Os métodos da democracia burguesa não serviam. Rajoelina tentar impor o bonapartismo
O governo teve dois planos fracassados diante das ira da juventude. Primeiro destituiu seus ministros, depois chamou ao diálogo nacional e mesmo assim a juventude seguia nas ruas da capital e se estendendo para outras cidades.
O terceiro plano foi de impor uma saída bonapartista, enfrentando ainda com mais o força o movimento e talvez com a ajuda do próprio Exército.
Assim o governo nomeou para primeiro ministro o general Ruphin Zafisambo, um oficial treinado na Argélia e em Montpellier, na França.
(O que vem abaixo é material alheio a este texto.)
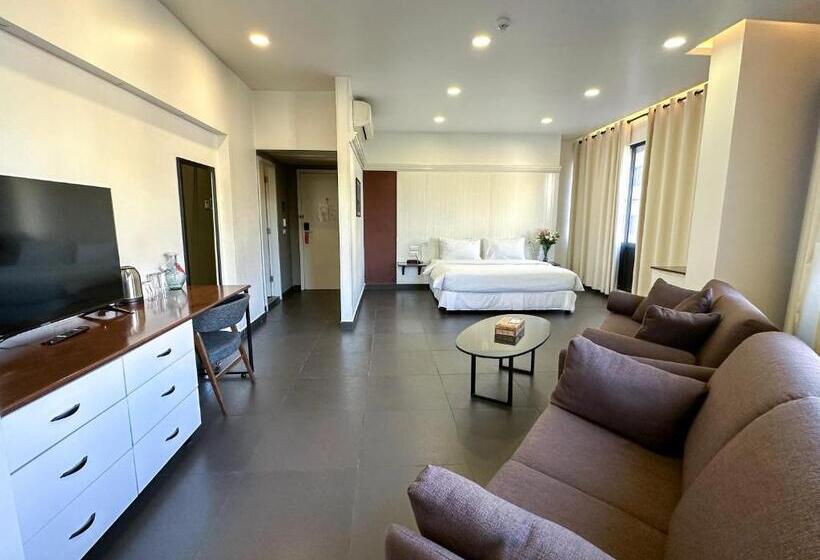 سوییت جونیور, Hamra Urban Gardens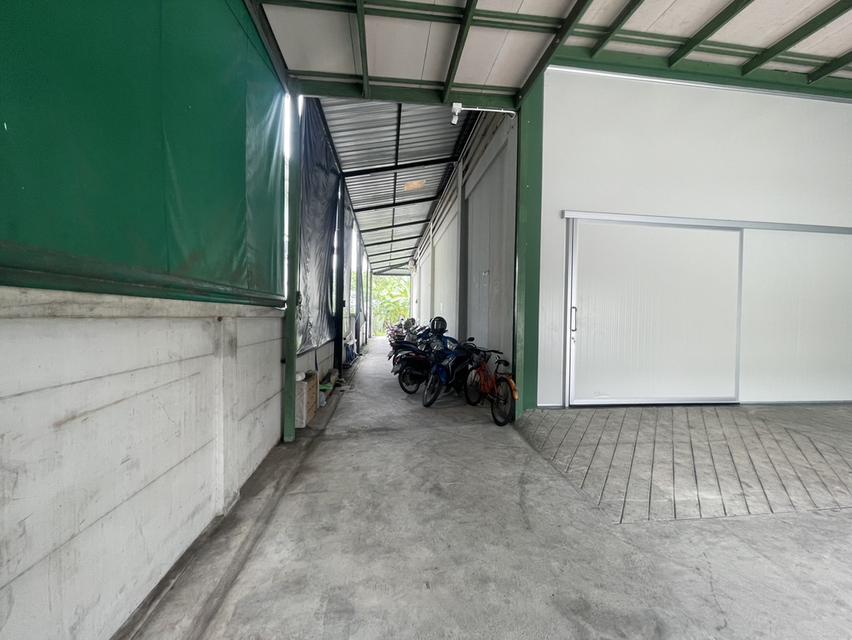 สุดยอดทำเลสีม่วงเพื่อการเติบโต! 200 ตร.ว.กว่า พร้อมโรงงาน/คลังสินค้า หน้ากว้างพิเศษ ถึง 25 เมตร! 5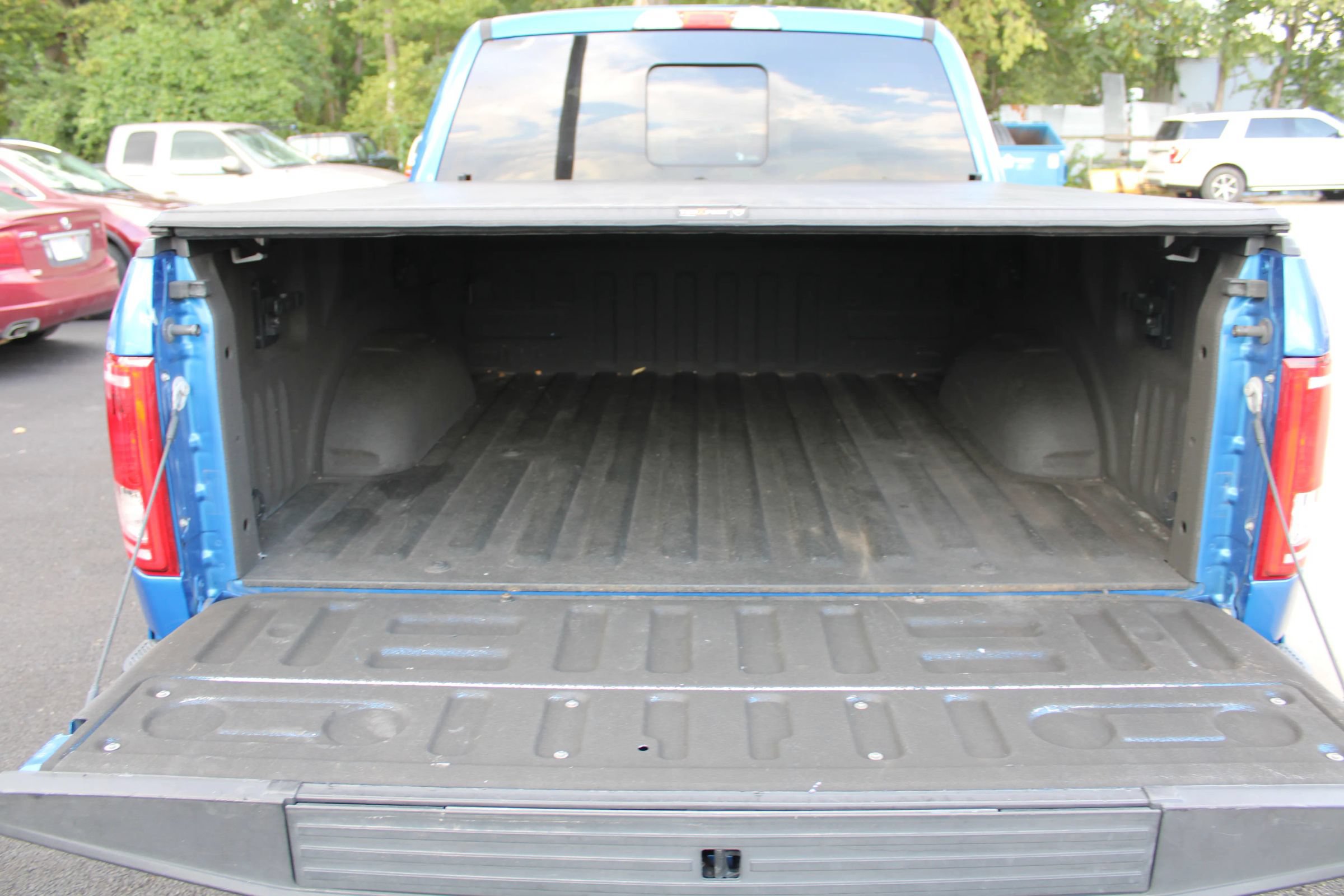 Used 2015 Ford F150 XLT w/ Equipment Group 302A Luxury AWD/4WD image 7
Ao indicar o General Ruphin, o presidente Rojoelina foi claro: “restabelecer a ordem e a confiança da população”.
No entanto, os manifestantes voltaram a sair às ruas mesmo após esta nomeação e agregando a consigna de Fora Rajoelina
Sindicatos e setores populares entram na luta
Na medida que as mobilizações se estenderam para os bairros periféricos da capital e para as cidades do interior aumentou o impacto social da luta. Alguns sindicatos e diversas organizações dos setores populares começaram a participar ativamente dos enfrentamentos nas ruas e deram um caráter mais classista à luta. Assim, foi incorporado ao programa de lutas reivindicações relacionadas ao desemprego e ao custo dos alimentos.
O Exército se divide, se enfrenta com a Gendarmeria e apoia as mobilizações
No sábado 11 de outubro, depois de três semanas de mobilizações, saques, incêndios de veículos e 22 mortos, as forças repressivas se dividiram.
Leais ao presidente a Gendarmeria nacional, como de costume saiu às ruas para reprimir. Um setor do Exército, mas especificamente seu setor de inteligência e controle de armas, o Corpo de Pessoal e Serviços Administrativos e Técnicos do Exército (CAPSAT) se rebelou contra a hierarquia do Exército, saiu às ruas em solidariedade com os manifestantes e se enfrentaram a tiros com a Gendarmeria. Esse rápido enfrentamento armado provocou a morte de um soldado do CAPSAT e a volta aos quartéis por parte da Gendarmeria.
Recebidos com palmas pelos manifestantes, coronel do Exército Michael Randrianirina, discursou e mostrou o grau de ruptura na hierarquia militar. Disse: “estamos fazendo um apelo a todos os soldados dispostos a assumir responsabilidades, juntem-se a nós. Parem de obedecer às ordens de seus superiores”
No intuito de ganhar o apoio d Geração Z, afirmou: “Isto não é um golpe. O exército respondeu ao apelo incessante do povo malgaxe. O poder pertence ao povo e não a mim”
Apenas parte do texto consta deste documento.